Azure / azure-sdk-for-go

This repository is for active development of the Azure SDK for Go. For consumers of the SDK we recommend visiting our public developer docs at:
https://docs.microsoft.com/azure/developer/go/
MIT License
1.64k stars 844 forks source link

Azure Blob Storage CommitBlockList API is not idempotent. #23794

Open prince776 opened 1 day ago

prince776 commented 1 day ago

Bug Report

Azure Blob Storage (azblob)'s API: CommitBlockList is not idempotent. REST API Reference: https://learn.microsoft.com/en-us/rest/api/storageservices/put-block-list?tabs=microsoft-entra-id

The above documented API reference does not state that this is an idempotent API, but I think it should be. If it is intended to be, please consider the scenario mentioned below. If this is not a bug, please do recommend the suggested/correct usage.

What happened?

Storage Account Config:

  1. Versioning is enabled
  2. We are talking about Block blobs

Consider the following scenario:

  1. We stage a bunch of blocks using StageBlock
  2. We commit the Blob using CommitBlockList

In very rare scenarios, we've noticed this creates 2 versions for the blob.

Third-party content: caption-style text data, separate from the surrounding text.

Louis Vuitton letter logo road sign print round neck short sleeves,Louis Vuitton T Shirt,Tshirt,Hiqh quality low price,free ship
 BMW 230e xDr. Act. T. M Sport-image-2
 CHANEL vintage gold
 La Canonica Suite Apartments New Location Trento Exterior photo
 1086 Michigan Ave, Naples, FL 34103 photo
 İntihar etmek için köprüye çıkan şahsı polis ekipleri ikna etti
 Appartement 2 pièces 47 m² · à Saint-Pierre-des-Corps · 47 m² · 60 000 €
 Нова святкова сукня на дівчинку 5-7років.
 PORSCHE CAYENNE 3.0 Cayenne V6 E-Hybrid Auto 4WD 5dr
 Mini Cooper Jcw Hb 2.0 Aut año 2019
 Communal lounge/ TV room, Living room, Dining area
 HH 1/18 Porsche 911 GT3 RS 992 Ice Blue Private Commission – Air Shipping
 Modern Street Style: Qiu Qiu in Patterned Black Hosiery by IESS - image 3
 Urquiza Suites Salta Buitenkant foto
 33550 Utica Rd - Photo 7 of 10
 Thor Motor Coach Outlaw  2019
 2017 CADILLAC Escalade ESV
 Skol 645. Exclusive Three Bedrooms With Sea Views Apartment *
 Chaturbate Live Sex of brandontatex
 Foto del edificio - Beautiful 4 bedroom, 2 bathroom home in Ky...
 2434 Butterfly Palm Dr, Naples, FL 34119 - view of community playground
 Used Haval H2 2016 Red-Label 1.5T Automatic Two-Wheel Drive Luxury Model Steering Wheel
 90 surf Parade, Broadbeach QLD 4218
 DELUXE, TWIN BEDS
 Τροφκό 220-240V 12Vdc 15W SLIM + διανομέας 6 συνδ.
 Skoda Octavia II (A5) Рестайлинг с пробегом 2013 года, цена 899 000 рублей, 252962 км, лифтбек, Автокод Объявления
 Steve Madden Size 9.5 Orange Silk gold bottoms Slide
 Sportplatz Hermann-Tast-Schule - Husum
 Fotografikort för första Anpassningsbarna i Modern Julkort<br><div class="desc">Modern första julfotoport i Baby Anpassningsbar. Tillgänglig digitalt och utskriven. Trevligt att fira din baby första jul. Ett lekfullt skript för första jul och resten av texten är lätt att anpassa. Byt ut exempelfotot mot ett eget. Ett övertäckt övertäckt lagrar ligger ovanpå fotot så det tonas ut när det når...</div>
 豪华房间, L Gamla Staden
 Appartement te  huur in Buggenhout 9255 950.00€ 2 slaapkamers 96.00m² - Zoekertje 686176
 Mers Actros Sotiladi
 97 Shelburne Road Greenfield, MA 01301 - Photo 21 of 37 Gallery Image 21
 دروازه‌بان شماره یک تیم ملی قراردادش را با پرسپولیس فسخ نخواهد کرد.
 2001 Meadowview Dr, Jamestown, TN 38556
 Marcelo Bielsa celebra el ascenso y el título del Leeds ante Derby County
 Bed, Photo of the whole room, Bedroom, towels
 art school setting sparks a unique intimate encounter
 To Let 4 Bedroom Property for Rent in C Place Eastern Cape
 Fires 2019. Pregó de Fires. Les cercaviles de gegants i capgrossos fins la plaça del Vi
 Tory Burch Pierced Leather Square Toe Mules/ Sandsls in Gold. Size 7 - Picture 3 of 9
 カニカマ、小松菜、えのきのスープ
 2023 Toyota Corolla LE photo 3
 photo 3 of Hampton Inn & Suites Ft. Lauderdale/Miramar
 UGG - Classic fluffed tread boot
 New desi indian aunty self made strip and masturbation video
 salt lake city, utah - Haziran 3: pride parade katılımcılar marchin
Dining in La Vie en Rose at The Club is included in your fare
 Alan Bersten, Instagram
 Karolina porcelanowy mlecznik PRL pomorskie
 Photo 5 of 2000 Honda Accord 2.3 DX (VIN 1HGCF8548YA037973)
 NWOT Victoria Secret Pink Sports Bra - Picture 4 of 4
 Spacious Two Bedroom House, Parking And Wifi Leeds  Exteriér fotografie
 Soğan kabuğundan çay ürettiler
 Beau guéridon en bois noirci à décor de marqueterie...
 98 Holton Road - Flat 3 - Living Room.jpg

What did you expect or want to happen?

We expect only 1 version because we've called it only once.

Analysis

We noticed that the 2 created versions' timestamps were 3 seconds. Which is same as the retry policy's first retry we provide the azblob client.

    p := azblob.NewPipeline(
        creds,
        azblob.PipelineOptions{
            Retry:     azblob.RetryOptions{
                Policy:        azblob.RetryPolicyExponential,
                MaxTries:      int32(5),
                RetryDelay:    3 * time.Second,
                MaxRetryDelay: 30 * time.Second,
                TryTimeout:    5 * time.Minute,
            },
            HTTPSender: newDefaultHTTPClientFactory(),
        },
    )
    container := azblob.NewContainerURL(*containerURI, p)

Which means this most probably happens in the following scenario:

  1. We send ComimitBlockList req
  2. Azure servers process it
  3. Azure servers fail to send the response OR Azure servers send the response but it doesn't reach us
  4. the retry happens
  5. retry causes creation of another blob version.

Generally, to avoid such scenarios, servers can ask for a requestID, and then not do anything if that request was completed, resulting in a no op. The API Ref: https://learn.microsoft.com/en-us/rest/api/storageservices/put-block-list?tabs=microsoft-entra-id mentions such an id x-ms-client-request-id but it seems it's being used only for metrics.

This request ID is generated uniquely for each request (not retry) using NewUniqueRequestIDPolicyFactory Even if we had the same requestID, azure ends up creating a new version.

There's no way for client to to avoid this scenario, unless we add a blob existence check before the retry somehow. (Which will be very tedious, but i think we can do that by using the provided pipeline).

How to reproduce

Since simulating

  1. Azure servers fail to send the response OR Azure servers send the response but it doesn't reach us

will be very hard, you can just manually call the request twice, with same requestID. Image

Thanks!

github-actions[bot] commented 1 day ago

Thanks for the feedback! We are routing this to the appropriate team for follow-up. cc @xgithubtriage.